When DoorDash approached the limits of what our Django-based monolithic codebase could support, we needed to design a new stack that would provide a strong foundation for our logistics services. This new platform would need to support our future growth and enable our team to build using better patterns going forward. 

Under our legacy system, the number of nodes that needed to be updated added significant time to releases. Bisecting bad deploys (finding out which commit or commits were causing issues) got harder and longer due to the number of commits each deploy had. On top of that, our monolith was built on old versions of Python 2 and Django, which were rapidly entering end-of-life for security support. 

We needed to break parts off of our monolith, allowing our systems to scale better, and decide how we wanted our new services to look and behave. Finding a tech stack that would support this effort was the first step in the process. After surveying a number of different languages, we chose Kotlin for its rich ecosystem, interoperability with Java, and developer friendliness. However, we needed to make some changes to handle its growing pains.

Finding the right stack for DoorDash

There are a lot of possibilities for building server software, but for a number of reasons we only wanted to use one language. Having one language: 

  • Helps focus our teams and promotes sharing development best practices across the whole engineering organization.
  • Allows us to build common libraries that are tuned to our environments, with defaults chosen to work best at our size and continued growth. 
  • Allows engineers to change teams with minimal friction, which promotes collaboration. 

Given these characteristics, the question for us was not whether we should pursue one language but which language we should pursue. 

Picking the right coding language 

We started our coding language selection by coming up with requirements for how we wanted our services to look and operate with each other. We quickly agreed on gRPC as our mechanism for synchronous service-to-service communication, using Apache Kafka as a message queue. We already had lots of experience and expertise with Postgres and Apache Cassandra, so these would remain our data stores. These are all fairly well-established technologies with a wide array of support in all modern languages, so we had to figure out what other factors to consider.
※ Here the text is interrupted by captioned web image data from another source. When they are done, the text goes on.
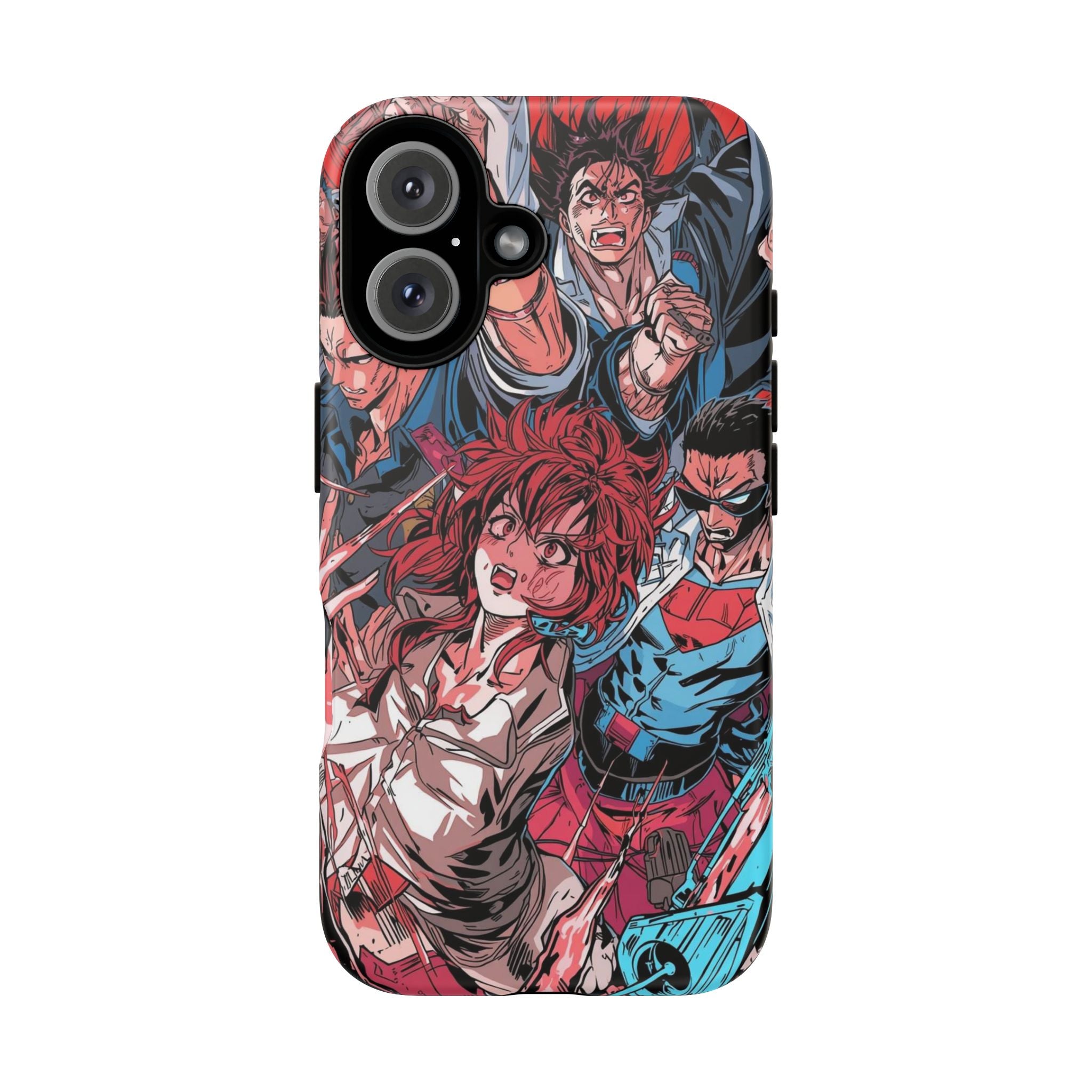 Anime-Inspired Tough Phone Case with Bold Characters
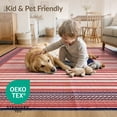 thumbnail image 4 of ODIKA 8'x10' Washable Area Rug Front Striped Door Patriotic Vintage Center Generic Stars Bordered for King Size Bedroom Under Bed, Master Suite, Non-Shedding, Easy Care, 4 of 7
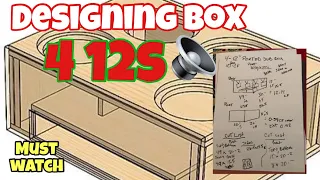 Car Audio Tips Secrets on Building Ported Subwoofer Box for 4 12s | vlogmas day 7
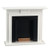 White Classically Simple Fireplace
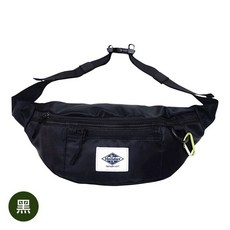Vintage 。復古家。日本 Holiday A.M. 登山扣 防潑水 腰包 胸背包 斜背包, 黑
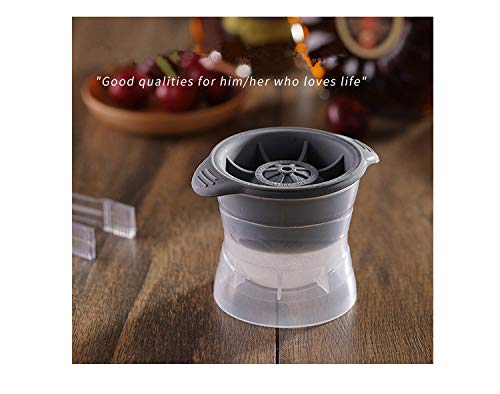 2 Pack Large Silicone Spherical Ice Molds - Perfect for Cocktails, Whiskey, and Creative Ice Hockey Displays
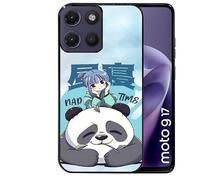 Taperso Coque Noire pour Moto G17 et G17 Power Motif Panda Anime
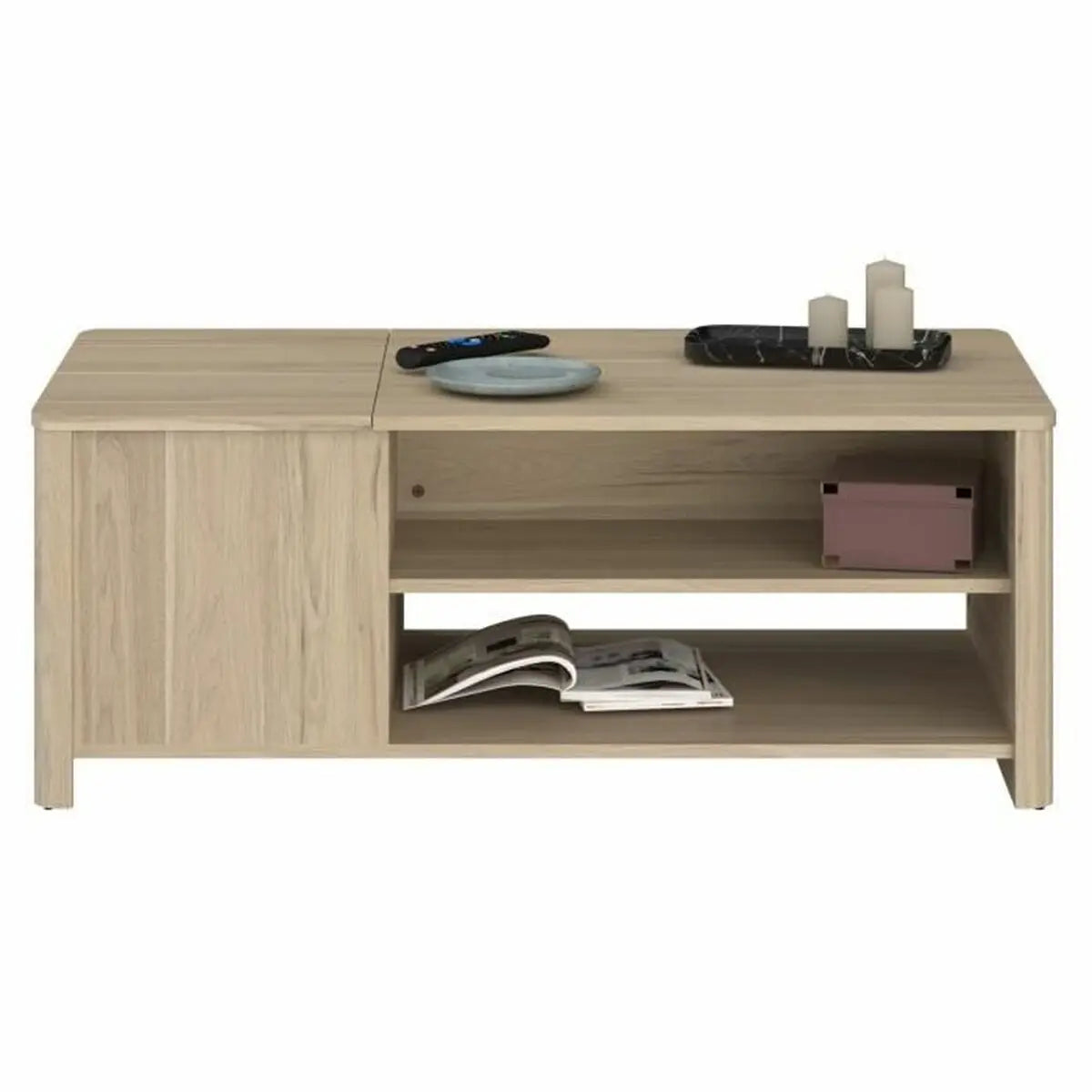 Table Basse Parisot Marron 110 x 42 x 60 cm Bigbuy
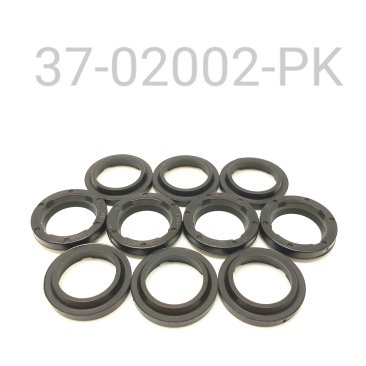 Wiper, Fox 5/8 Shaft, Black, Pak of 10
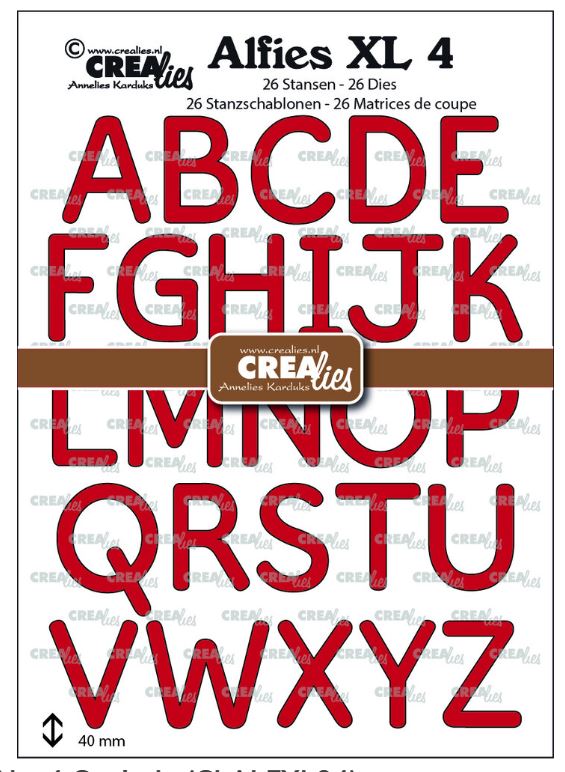 Crealies - dies - Journalzz & Plannerzz Alfies XL No. 4 Capitals CLALFXL04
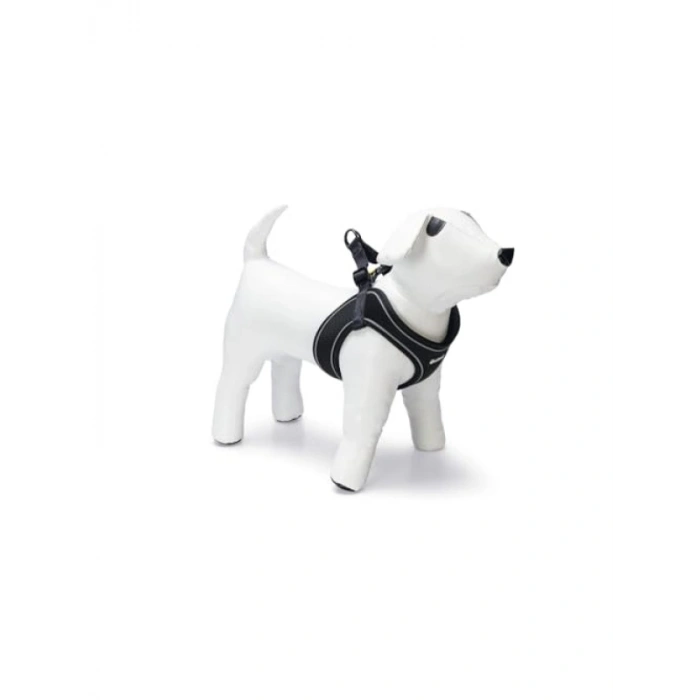 Neopren Köpek Göğüs Tasması, Siyah, M Boy, 41-46 cm Ayarlanabilir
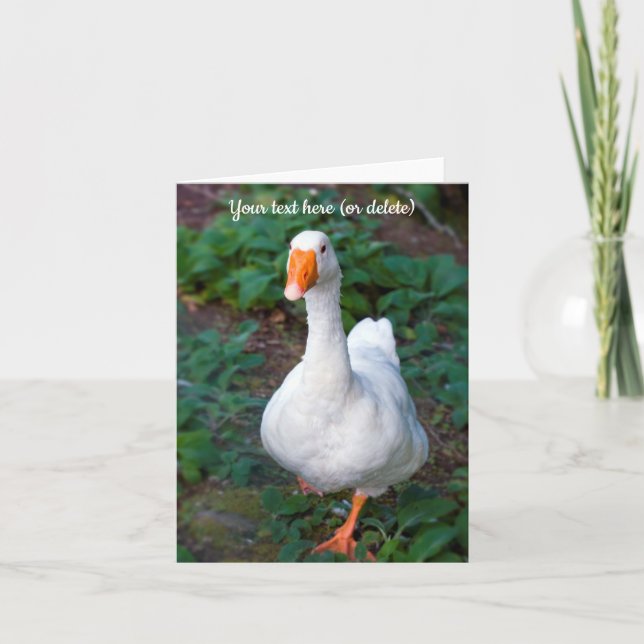 Agradecimento Cartão de saudação Goose (Frente)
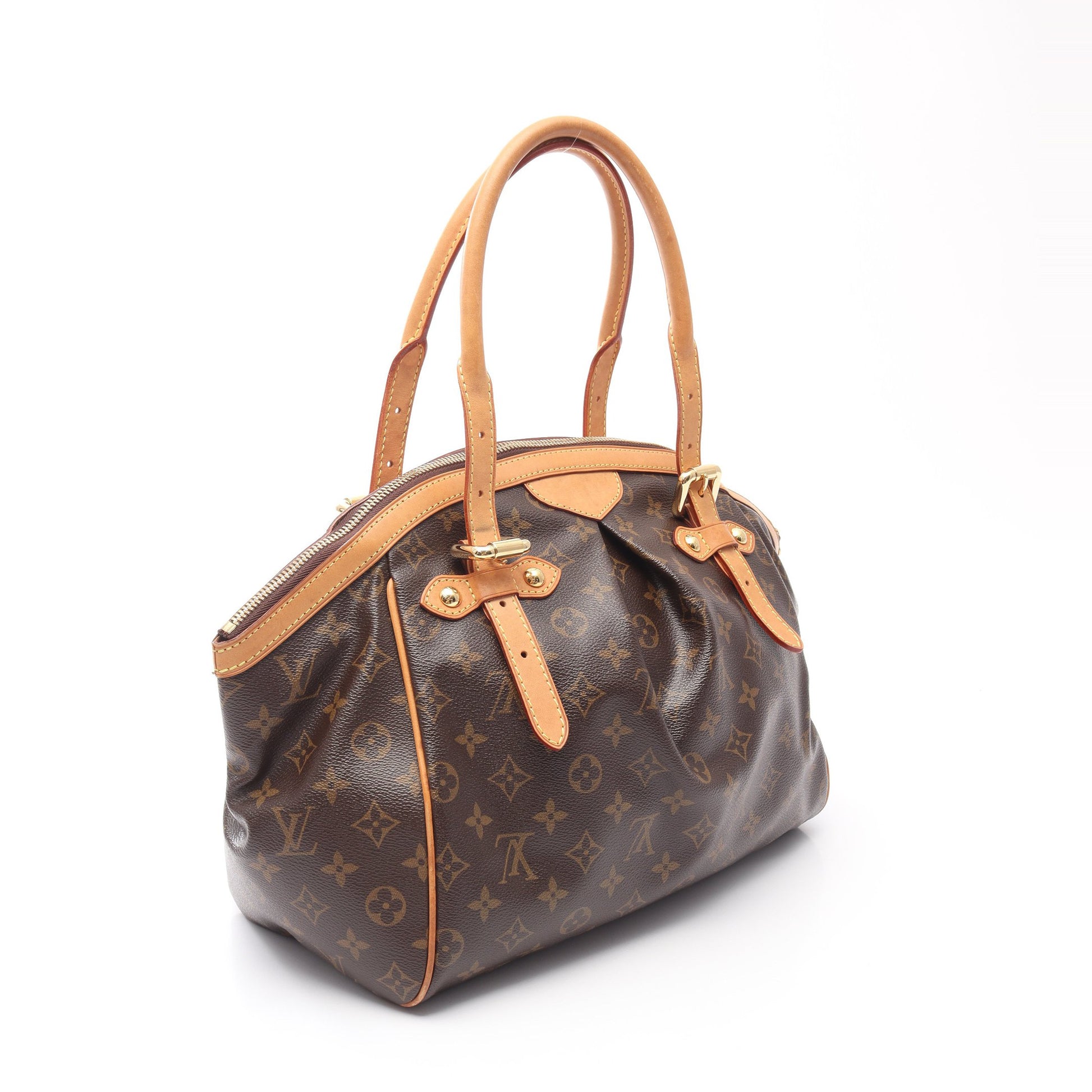 ティヴォリGM モノグラム ハンドバッグ PVC レザー ブラウン ルイヴィトン バッグ LOUIS VUITTON
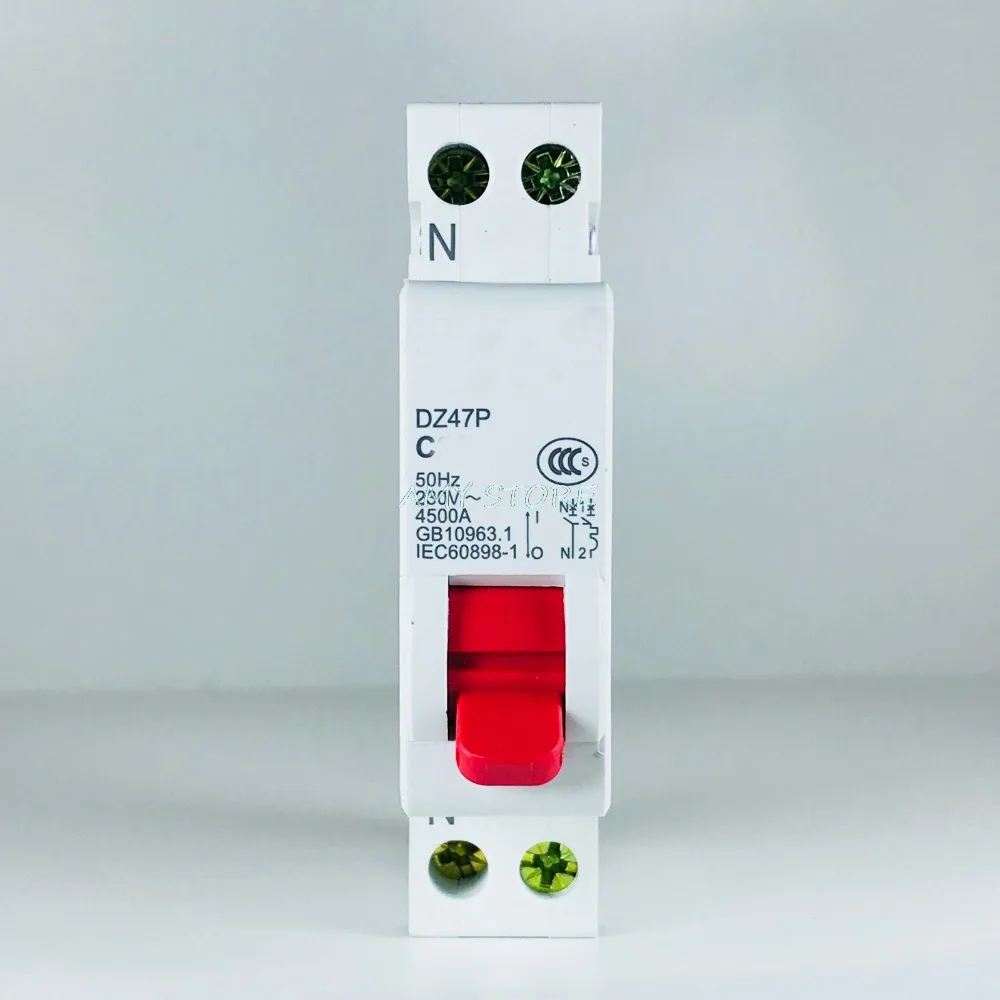 Автоматический выключатель 6A 10A 16A 25A 32A 40A DPN 1P + N 4.5KA 50Hz 230V DZ47P MCB двойной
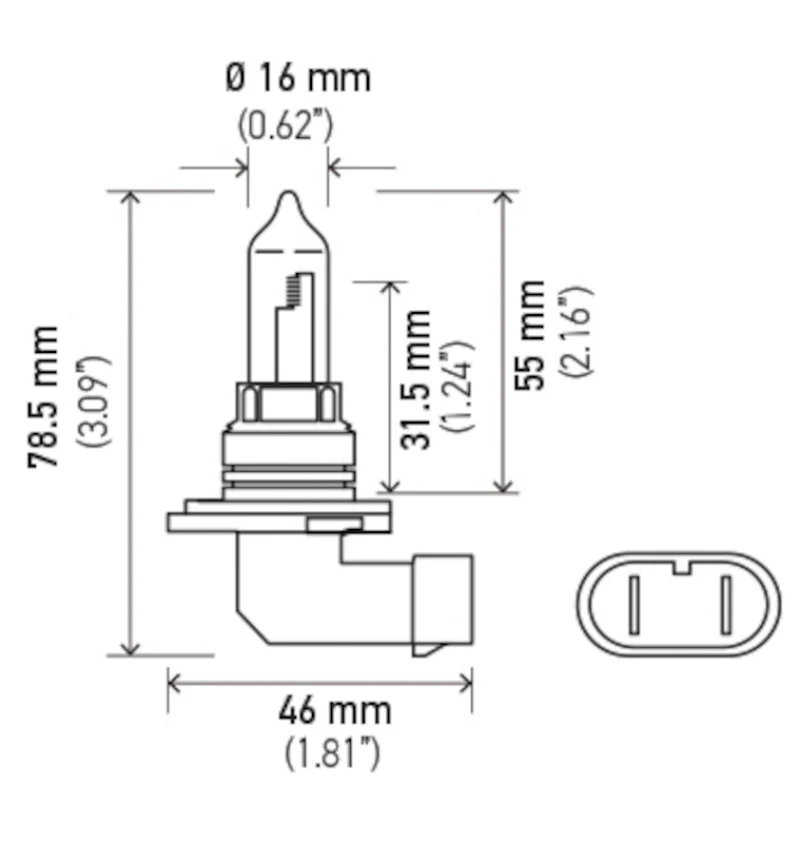 Hella Bulb 9005 12V 65W P20D T4 +50 - Image 9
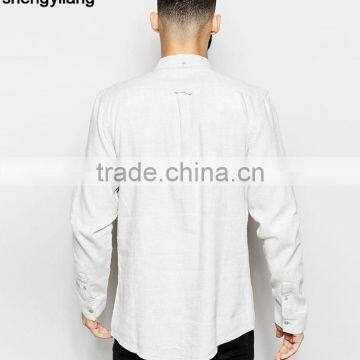 High Quality Men Long Sleeve Hemp Shirt Wholesale photo-2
Any technology that we chose would need to be: 

  • CPU-efficient and scalable to multiple cores
  • Easy to monitor 
  • Supported by a strong library ecosystem, allowing us to focus on business problems
  • Able to ensure good developer productivity 
  • Reliable at scale
  • Future-proofed, able to support our business growth 

We compared languages with these requirements in mind. We discarded major languages, including  C++, Ruby, PHP, and Scala, that would not support growth in queries per second (QPS) and headcount. Although these are all fine languages, they lack one or more of the core tenets we were looking for in our future language stack. Given these considerations the landscape was limited to Kotlin, Java, Go, Rust, and Python 3. With these as the competitors we created the chart below to help us compare and contrast the strengths and weaknesses of each option.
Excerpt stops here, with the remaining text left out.